▶ Instructions for the task:
For this exercise, retype each line of the material below verbatim and omit any picture.

▶ Source material:
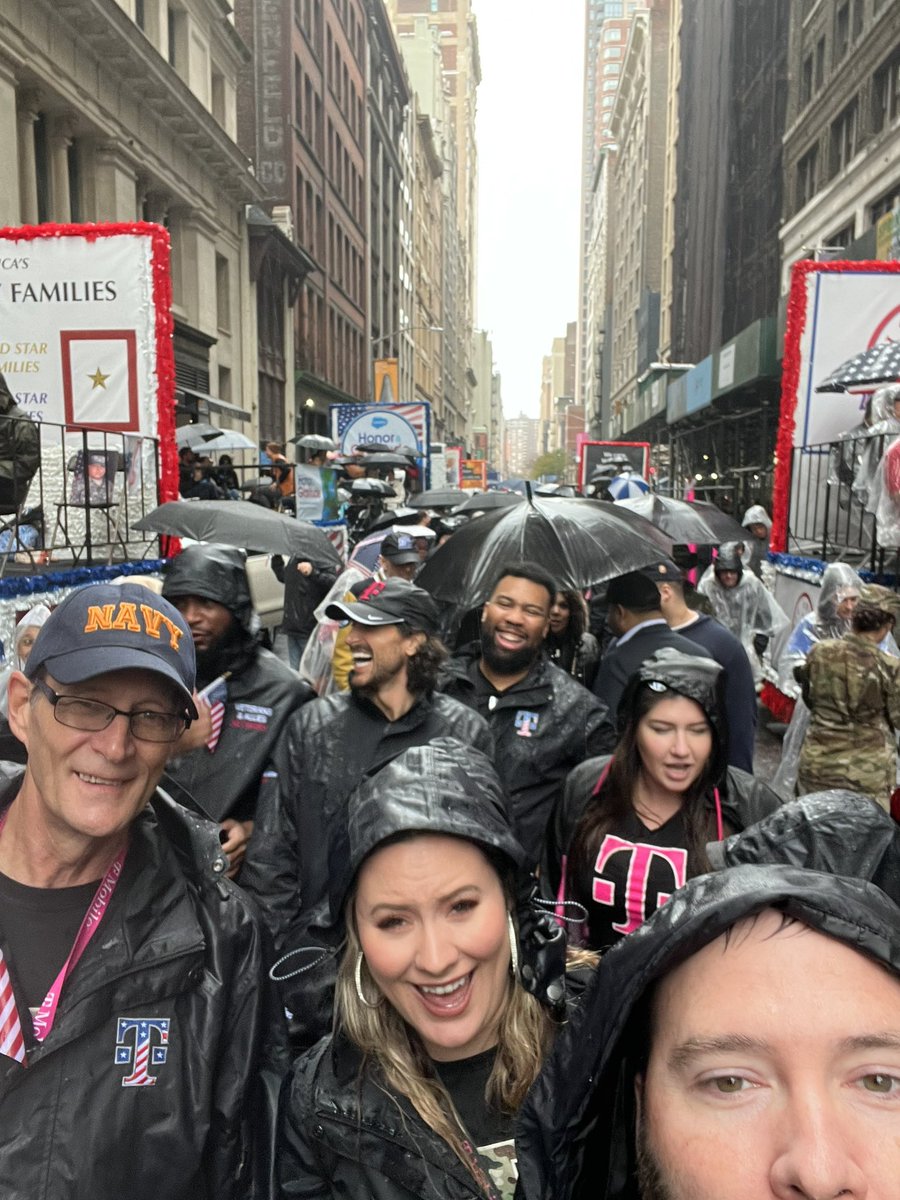 GHostbird22's tweet image. Definitely got steps in today, little rain wasn’t gonna stop us! Amazing opportunity to participate in the Veterans Day parade, can’t wait to share this experience with my team and send someone next year!  Thank you @TMobile @EMobile23 #mobilizeforservice  #stepsforvets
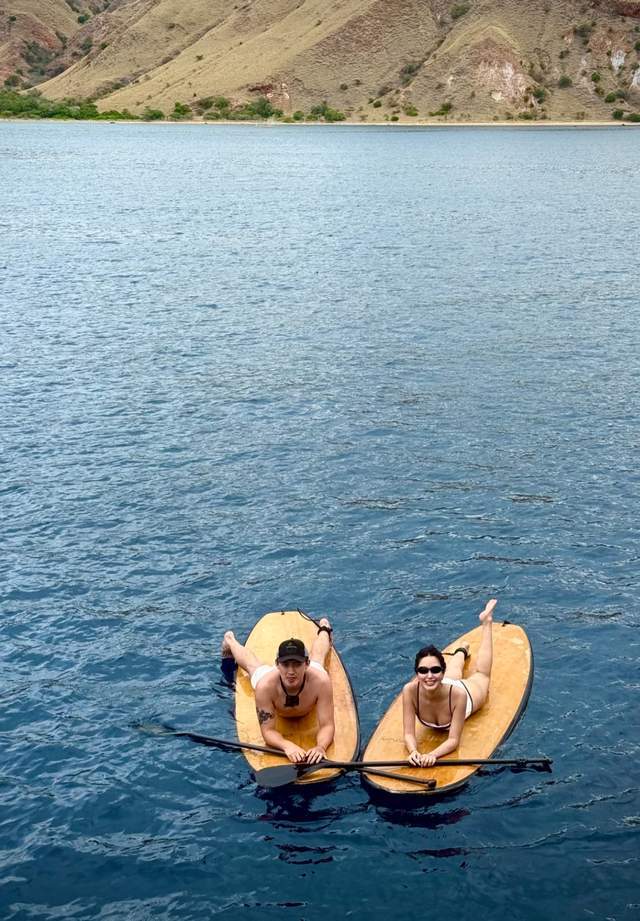 32岁杨采钰官宣生娃！晒大肚照孕期坚持运动意外曝光与老公新房(图9)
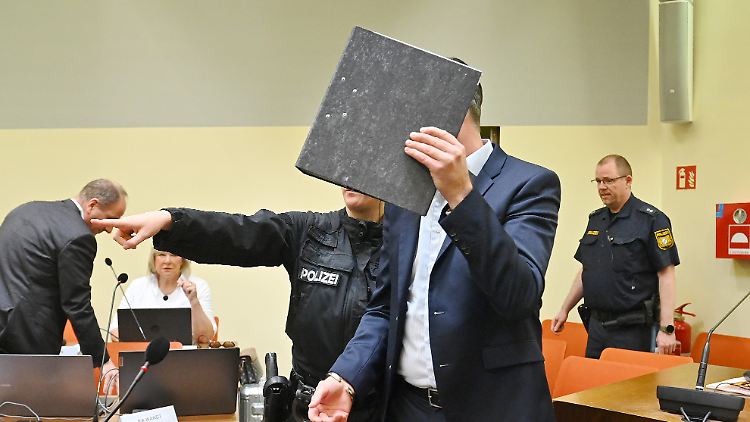 Der Anwalt des Beschuldigten G. sagte, sein Mandant habe sich von der "Sache" distanziert. 
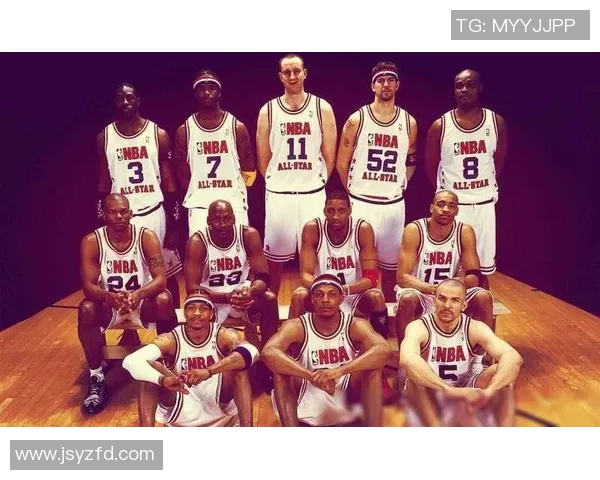 璀璨星光下的篮球梦：明星球员插画艺术的魅力与创意探索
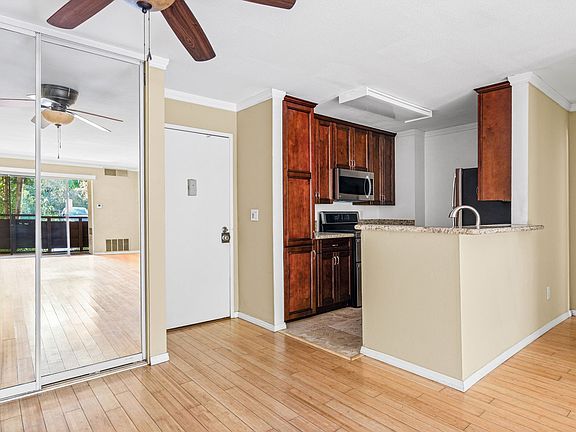 4th image of 1621 Hotel Cir S Unit E103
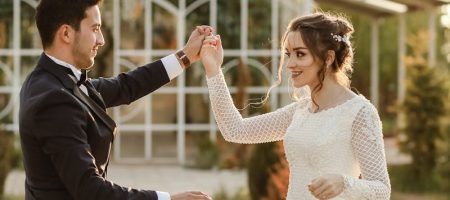 Top Tips for Choosing Your First Dance Song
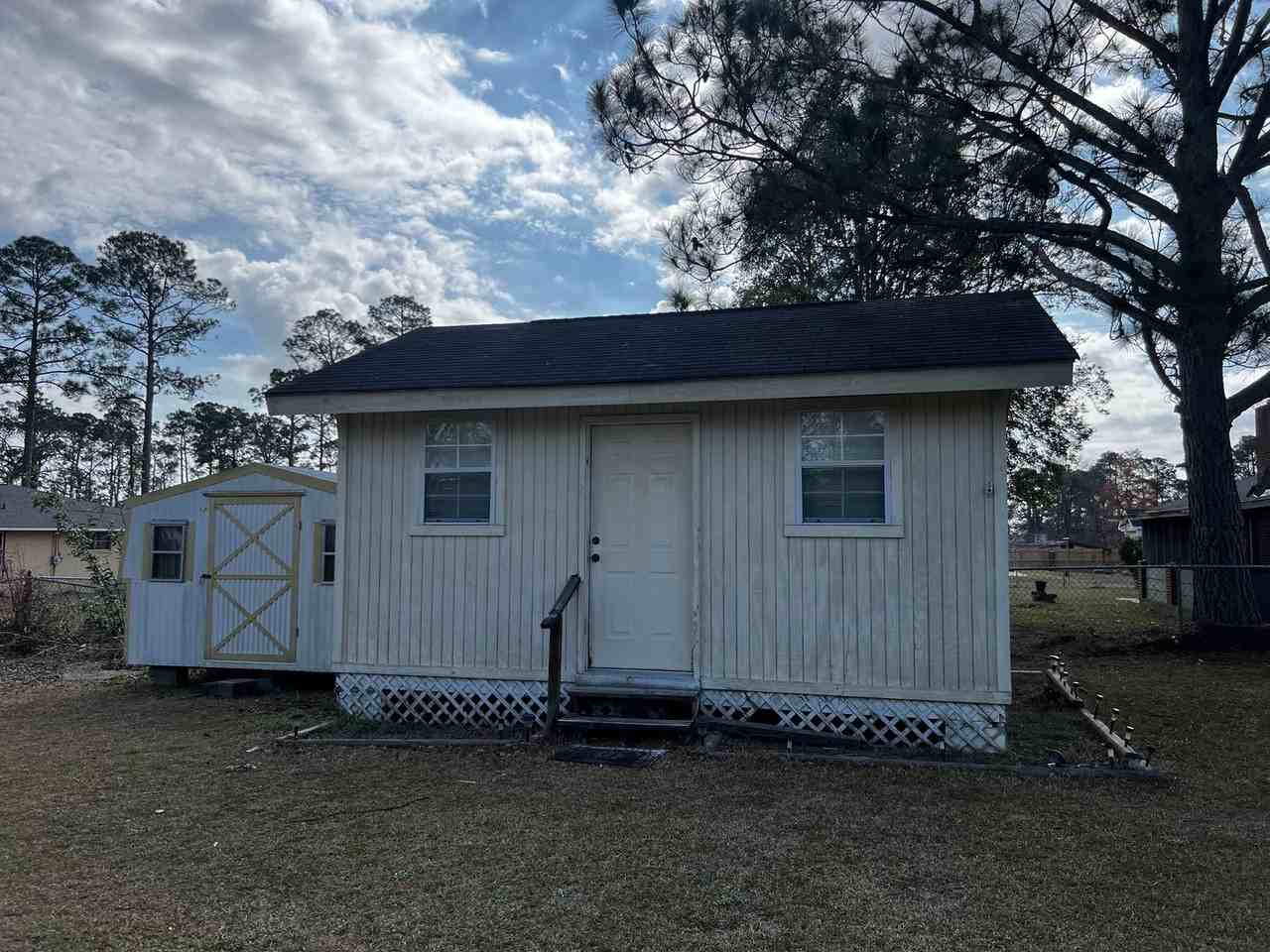 1404 Acton Dr - Photo 4 of 16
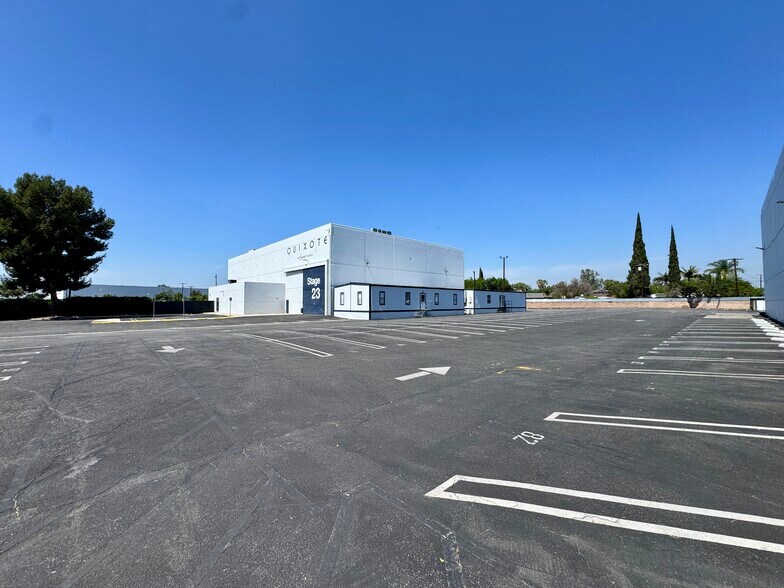More Photos Of 13951 Saticoy St, Panorama City Movie Radio TVStudio For Lease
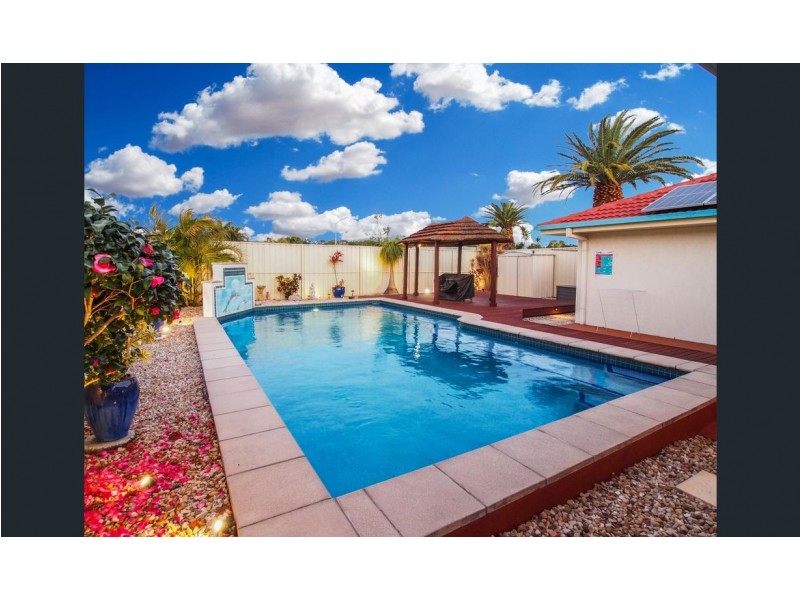 2 Headsail Drive, Banksia Beach QLD 4507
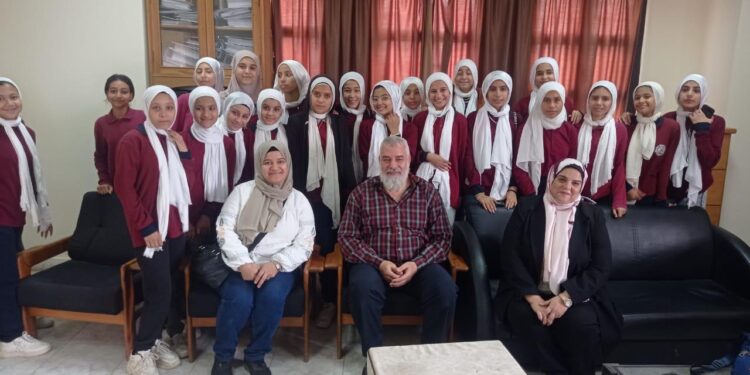 جهاز العاشر من رمضان يستقبل طلاب مدرستين للتعرف على المشروعات الحيوية بالمدينة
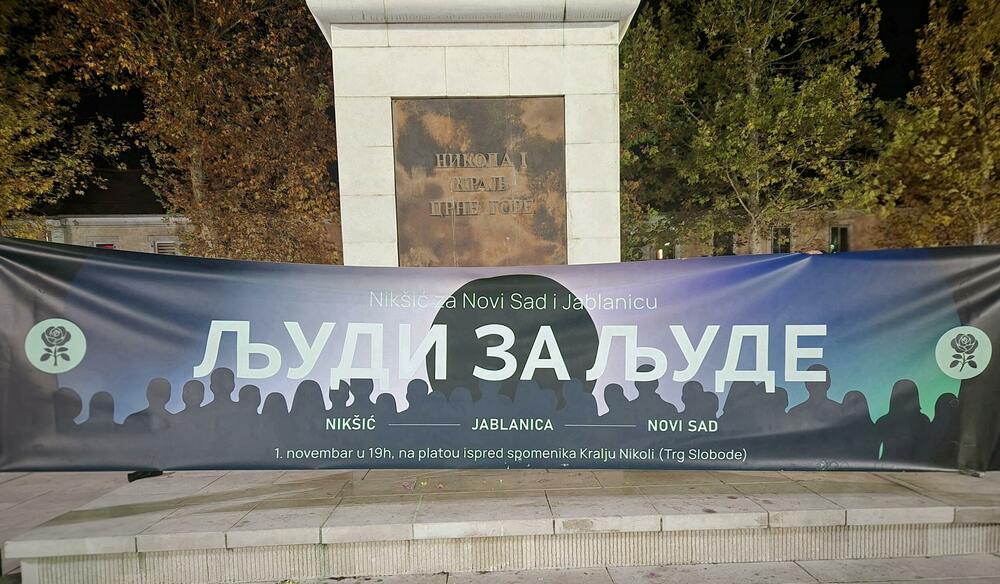 <p>"Ovim okupljanjem smo željeli da iz Nikšića pošaljemo poruku da ljudi uvijek stoje uz ljude u zajedničkoj borbi za pravdu, za istinu i za međusobnu solidarnost", navodi se u saopštenju udruženja "Korina"</p>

▶ Written solution:
 GHostbird22's tweet image. Definitely got steps in today, little rain wasn’t gonna stop us! Amazing opportunity to participate in the Veterans Day parade, can’t wait to share this experience with my team and send someone next year!  Thank you @TMobile @EMobile23 #mobilizeforservice  #stepsforvets
 32岁杨采钰官宣生娃！晒大肚照孕期坚持运动意外曝光与老公新房(图9)
 Der Anwalt des Beschuldigten G. sagte, sein Mandant habe sich von der "Sache" distanziert. 
 璀璨星光下的篮球梦：明星球员插画艺术的魅力与创意探索
 4th image of 1621 Hotel Cir S Unit E103
 Top Tips for Choosing Your First Dance Song
 1404 Acton Dr - Photo 4 of 16
More Photos Of 13951 Saticoy St, Panorama City Movie Radio TVStudio For Lease
 2 Headsail Drive, Banksia Beach QLD 4507
 جهاز العاشر من رمضان يستقبل طلاب مدرستين للتعرف على المشروعات الحيوية بالمدينة
 <p>"Ovim okupljanjem smo željeli da iz Nikšića pošaljemo poruku da ljudi uvijek stoje uz ljude u zajedničkoj borbi za pravdu, za istinu i za međusobnu solidarnost", navodi se u saopštenju udruženja "Korina"</p>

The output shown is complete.